Job interviews in tech gone haywire

Published on 2019-12-25. Modified on 2020-04-13.

A bad trend is becoming a standard at more and more tech companies when interviewing candidates for job positions.

If you, the reader, is a person who interview candidates for software development, or just tech in general, you need to understand that if you're mainly focusing on the technology rather than people, you're doing it wrong.

The tech stack of our modern age has become huge. No normal person comprehends or memorizes every single aspect of the entire stack they work with, and they shouldn't have to, we have search engines and we utilize personal notes.

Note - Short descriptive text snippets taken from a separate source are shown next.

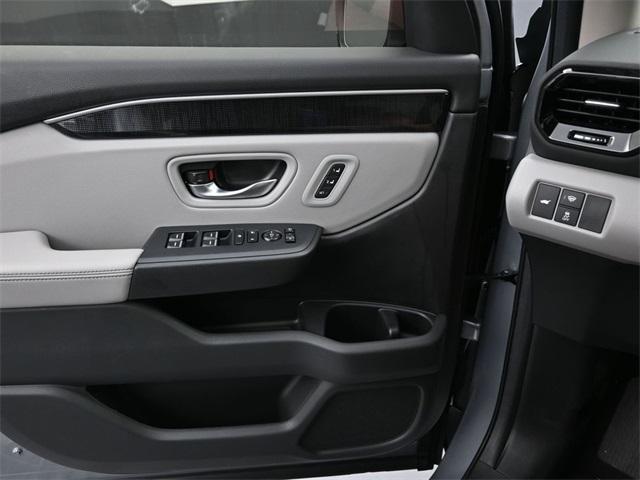 new 2025 Honda Pilot car, priced at $53,080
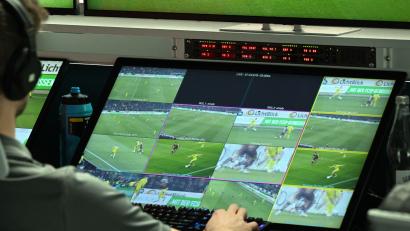 Bild: Federico Gambarini/dpa
Ein Video-Schiedsrichter hat mehrere Kameraeinstellungen im Blick. (Archivbild)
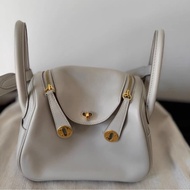 有購証🩷 Hermes mini lindy 80 珍珠灰手提包，21年的，金扣 Swift皮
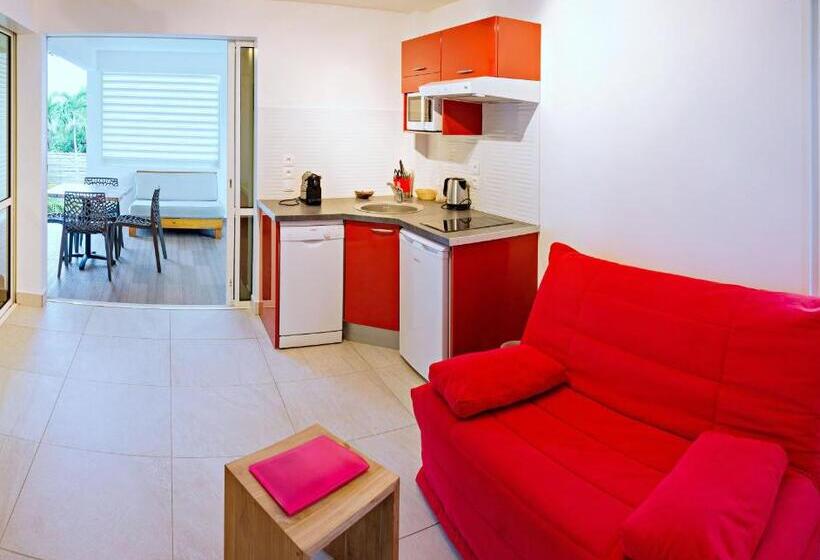 سوئیت با وان آب گرم, Majesty Palm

There is always trust involved and there is always a risk when you have to hire someone, but no lengthy code quiz or white board quest is going to guarantee that you have found a good candidate. Perhaps the person you are interviewing has memorized the answers to your questions because someone at Glassdoor has exposed your entire interview process.

You shouldn't be asking questions about search algorithms or framework abstractions. Do you think that if a person knows the answers to such questions that he or she is somehow more valuable to your company? What you need to figure out is whether you're dealing with an obnoxious person. I say that because almost anyone with a genuine interest in technology, especially someone who is self taught, can get up to speed pretty quickly, especially if your company has good documentation - and of course you do have good documentation right?

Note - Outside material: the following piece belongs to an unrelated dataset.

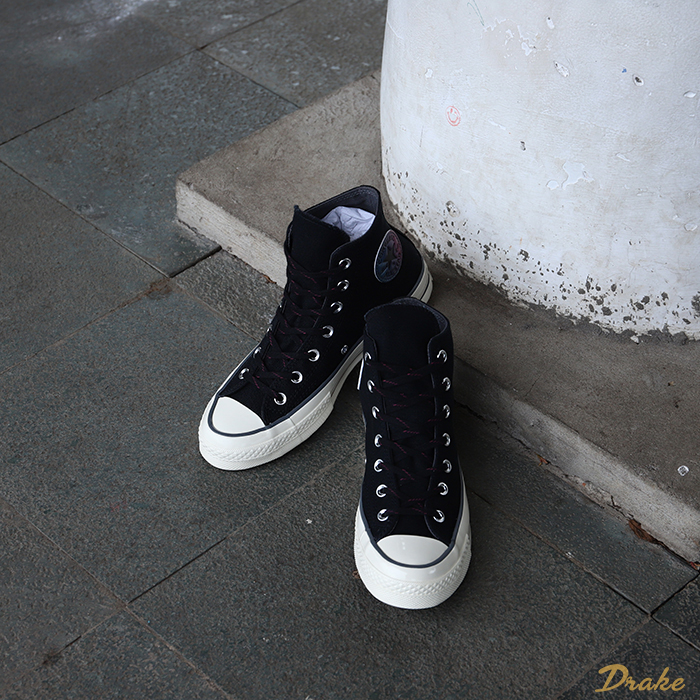 Đón đầu xu thế với giày Converse Chuck Taylor All Star cổ cao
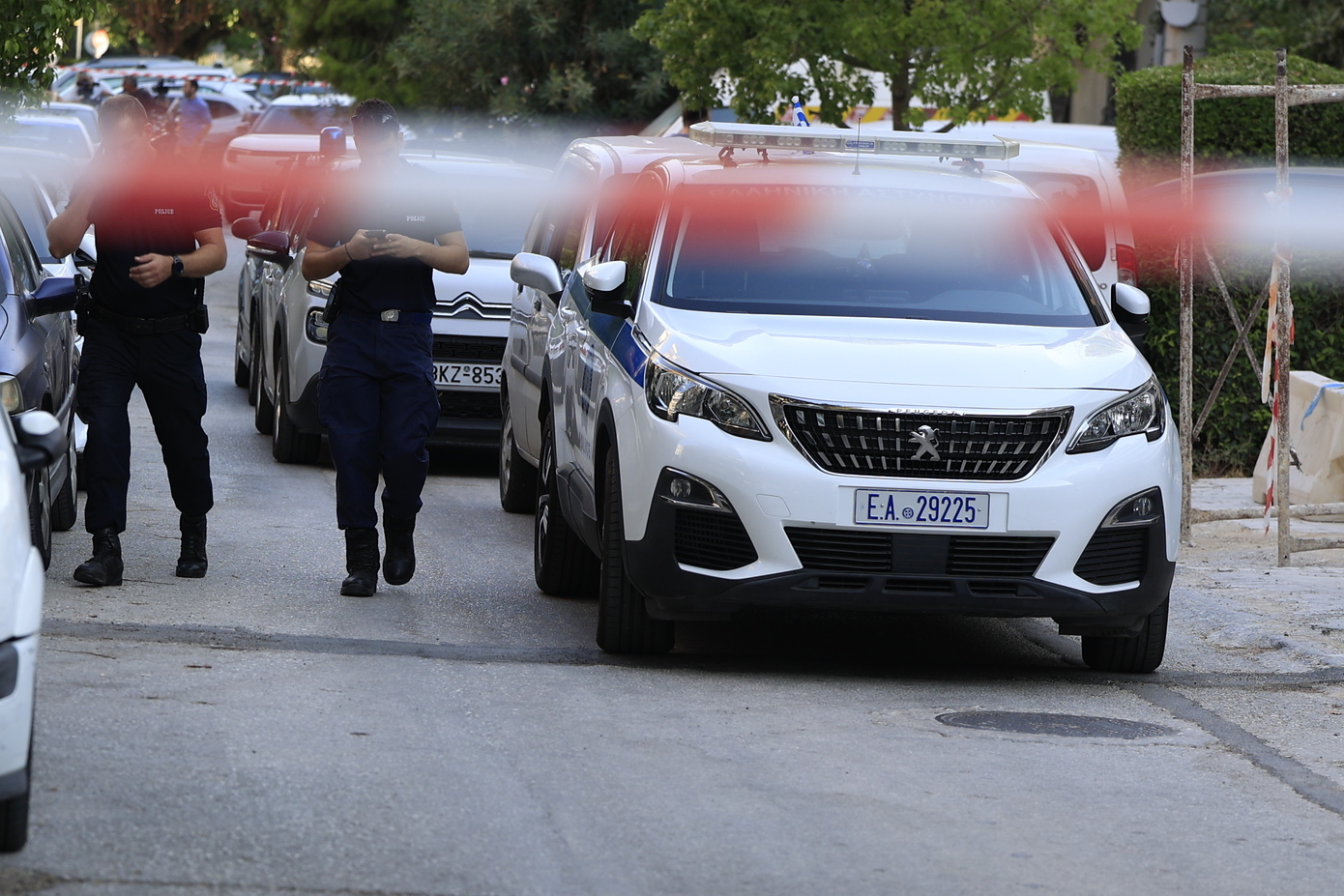 Γυναικοκτονία στη Νέα Σμύρνη: «Η αδερφή της κοπέλας γνώριζε, της είχε δείξει και το όπλο»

I suspect that the bad trend is becoming a standard in the industry because it is reported that this is how Google does their interviews. Just because Google does something, doesn't automatically make it good.

Of course a candidate has to know the basics, but even a good programmer might not be working with programming all the time, some do a lot of system administration or network administration too. The person can perhaps not remember how he or she normally solves a particular problem. This is not important at all.

The only real problem you might be facing is if you're dealing with a fraudster, someone who is lying and who wouldn't know the difference between a variable and a function, but these guys are usually easy to catch, you hardly need a code test to figure that one out.

So, unless you're from CERN or NASA and you actually do need an "algorithmic genius", you should reconsider your interviewing process, you will get much happier people working for you.